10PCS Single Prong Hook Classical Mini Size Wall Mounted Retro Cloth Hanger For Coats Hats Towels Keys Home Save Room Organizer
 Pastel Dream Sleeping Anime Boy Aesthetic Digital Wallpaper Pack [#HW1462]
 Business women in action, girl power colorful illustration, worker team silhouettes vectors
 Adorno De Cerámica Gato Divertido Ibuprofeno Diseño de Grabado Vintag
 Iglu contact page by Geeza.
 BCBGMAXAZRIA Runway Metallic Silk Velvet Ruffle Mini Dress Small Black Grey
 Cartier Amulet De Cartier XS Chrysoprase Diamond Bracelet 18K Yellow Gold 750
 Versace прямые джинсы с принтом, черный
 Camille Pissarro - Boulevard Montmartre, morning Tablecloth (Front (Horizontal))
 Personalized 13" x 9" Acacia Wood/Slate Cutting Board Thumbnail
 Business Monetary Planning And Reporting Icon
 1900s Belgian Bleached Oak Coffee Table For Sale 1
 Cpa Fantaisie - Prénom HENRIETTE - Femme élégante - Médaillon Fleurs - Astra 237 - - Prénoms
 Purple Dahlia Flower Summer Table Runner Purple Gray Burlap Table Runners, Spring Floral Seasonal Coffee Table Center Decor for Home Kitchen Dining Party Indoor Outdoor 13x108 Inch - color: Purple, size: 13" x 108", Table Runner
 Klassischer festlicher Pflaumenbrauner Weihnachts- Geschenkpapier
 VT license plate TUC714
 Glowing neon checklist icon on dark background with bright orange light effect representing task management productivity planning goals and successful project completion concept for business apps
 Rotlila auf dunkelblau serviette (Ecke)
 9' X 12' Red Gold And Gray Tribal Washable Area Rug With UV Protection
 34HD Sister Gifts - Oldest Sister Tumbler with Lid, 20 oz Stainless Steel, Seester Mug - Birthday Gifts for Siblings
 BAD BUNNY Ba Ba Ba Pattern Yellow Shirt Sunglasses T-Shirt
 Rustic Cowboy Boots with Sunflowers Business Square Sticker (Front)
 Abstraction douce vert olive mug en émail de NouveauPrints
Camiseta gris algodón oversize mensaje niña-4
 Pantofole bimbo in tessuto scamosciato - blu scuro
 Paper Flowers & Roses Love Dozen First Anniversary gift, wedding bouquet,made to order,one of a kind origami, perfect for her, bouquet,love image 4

> [Task requirements]
Would you please repeat exactly the lines above, starting at the line with "VT license plate TUC714" and stopping at the line with "Rotlila auf dunkelblau serviette (Ecke)", both included?

> [Response to the task]
 VT license plate TUC714
 Glowing neon checklist icon on dark background with bright orange light effect representing task management productivity planning goals and successful project completion concept for business apps
 Rotlila auf dunkelblau serviette (Ecke)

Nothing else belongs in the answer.